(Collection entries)

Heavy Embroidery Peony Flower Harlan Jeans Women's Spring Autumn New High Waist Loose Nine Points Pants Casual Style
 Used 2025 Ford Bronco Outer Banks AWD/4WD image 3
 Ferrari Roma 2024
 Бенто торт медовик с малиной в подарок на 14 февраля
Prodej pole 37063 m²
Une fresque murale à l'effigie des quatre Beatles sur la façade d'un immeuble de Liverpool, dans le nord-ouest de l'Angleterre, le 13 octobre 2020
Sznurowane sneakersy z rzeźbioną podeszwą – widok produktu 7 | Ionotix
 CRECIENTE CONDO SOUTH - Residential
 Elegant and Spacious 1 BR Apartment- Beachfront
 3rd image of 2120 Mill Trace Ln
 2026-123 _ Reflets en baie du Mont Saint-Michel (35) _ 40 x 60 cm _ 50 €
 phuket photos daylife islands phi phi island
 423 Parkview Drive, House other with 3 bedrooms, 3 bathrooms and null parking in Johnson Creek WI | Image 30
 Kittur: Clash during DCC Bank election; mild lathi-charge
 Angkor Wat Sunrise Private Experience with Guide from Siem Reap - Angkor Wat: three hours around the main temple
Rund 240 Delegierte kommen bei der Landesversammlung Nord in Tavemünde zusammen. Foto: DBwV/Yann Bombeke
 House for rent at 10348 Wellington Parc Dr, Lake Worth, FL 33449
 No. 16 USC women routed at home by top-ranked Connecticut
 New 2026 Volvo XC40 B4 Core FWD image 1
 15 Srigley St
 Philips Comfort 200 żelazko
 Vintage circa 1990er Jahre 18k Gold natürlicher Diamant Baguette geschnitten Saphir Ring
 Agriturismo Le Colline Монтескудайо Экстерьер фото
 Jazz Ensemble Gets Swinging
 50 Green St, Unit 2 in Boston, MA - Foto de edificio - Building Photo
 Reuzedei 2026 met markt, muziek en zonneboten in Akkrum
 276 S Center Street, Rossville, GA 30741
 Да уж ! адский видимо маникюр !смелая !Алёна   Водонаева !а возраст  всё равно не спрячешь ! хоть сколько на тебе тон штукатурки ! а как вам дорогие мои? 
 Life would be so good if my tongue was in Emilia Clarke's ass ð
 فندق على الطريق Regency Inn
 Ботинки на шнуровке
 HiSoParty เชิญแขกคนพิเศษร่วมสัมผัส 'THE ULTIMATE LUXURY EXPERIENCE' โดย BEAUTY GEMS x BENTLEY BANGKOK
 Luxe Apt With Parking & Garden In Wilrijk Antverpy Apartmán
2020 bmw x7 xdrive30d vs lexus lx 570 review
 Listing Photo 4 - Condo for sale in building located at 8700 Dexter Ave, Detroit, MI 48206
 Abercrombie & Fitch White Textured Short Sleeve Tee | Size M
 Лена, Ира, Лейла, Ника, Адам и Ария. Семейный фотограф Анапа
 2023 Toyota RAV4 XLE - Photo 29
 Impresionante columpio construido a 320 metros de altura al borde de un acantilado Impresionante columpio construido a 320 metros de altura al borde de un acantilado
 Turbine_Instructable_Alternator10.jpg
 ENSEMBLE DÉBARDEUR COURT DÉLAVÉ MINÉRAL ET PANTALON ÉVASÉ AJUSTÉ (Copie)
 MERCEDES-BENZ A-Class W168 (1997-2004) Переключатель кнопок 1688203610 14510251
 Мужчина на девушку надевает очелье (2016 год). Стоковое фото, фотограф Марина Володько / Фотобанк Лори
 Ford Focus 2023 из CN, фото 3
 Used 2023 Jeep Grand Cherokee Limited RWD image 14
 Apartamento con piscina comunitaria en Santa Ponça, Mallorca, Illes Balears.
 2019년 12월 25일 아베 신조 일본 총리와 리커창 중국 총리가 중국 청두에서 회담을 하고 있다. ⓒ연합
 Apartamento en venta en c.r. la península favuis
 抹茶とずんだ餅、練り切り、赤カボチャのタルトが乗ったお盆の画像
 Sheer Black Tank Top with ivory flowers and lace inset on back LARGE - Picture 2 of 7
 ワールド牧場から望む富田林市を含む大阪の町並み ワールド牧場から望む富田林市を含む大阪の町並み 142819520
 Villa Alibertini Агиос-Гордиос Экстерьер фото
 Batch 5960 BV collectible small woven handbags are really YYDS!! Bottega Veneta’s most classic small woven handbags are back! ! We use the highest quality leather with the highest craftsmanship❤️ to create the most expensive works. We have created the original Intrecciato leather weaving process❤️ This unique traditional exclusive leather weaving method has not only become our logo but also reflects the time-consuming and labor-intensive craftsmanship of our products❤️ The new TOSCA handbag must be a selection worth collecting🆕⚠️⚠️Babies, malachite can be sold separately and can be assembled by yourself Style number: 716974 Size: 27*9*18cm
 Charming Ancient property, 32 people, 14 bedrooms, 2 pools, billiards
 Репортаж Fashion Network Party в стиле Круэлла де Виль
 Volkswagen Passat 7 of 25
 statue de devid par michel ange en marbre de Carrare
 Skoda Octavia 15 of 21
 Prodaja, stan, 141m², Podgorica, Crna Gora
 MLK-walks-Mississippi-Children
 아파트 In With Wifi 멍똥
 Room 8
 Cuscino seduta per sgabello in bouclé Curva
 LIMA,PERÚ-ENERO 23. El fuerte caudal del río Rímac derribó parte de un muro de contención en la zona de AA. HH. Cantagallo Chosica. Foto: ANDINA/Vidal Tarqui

> What you need to do: Looking at the records, report the number of lines that hold the string "House", with no other text.

> Result for this exercise: 2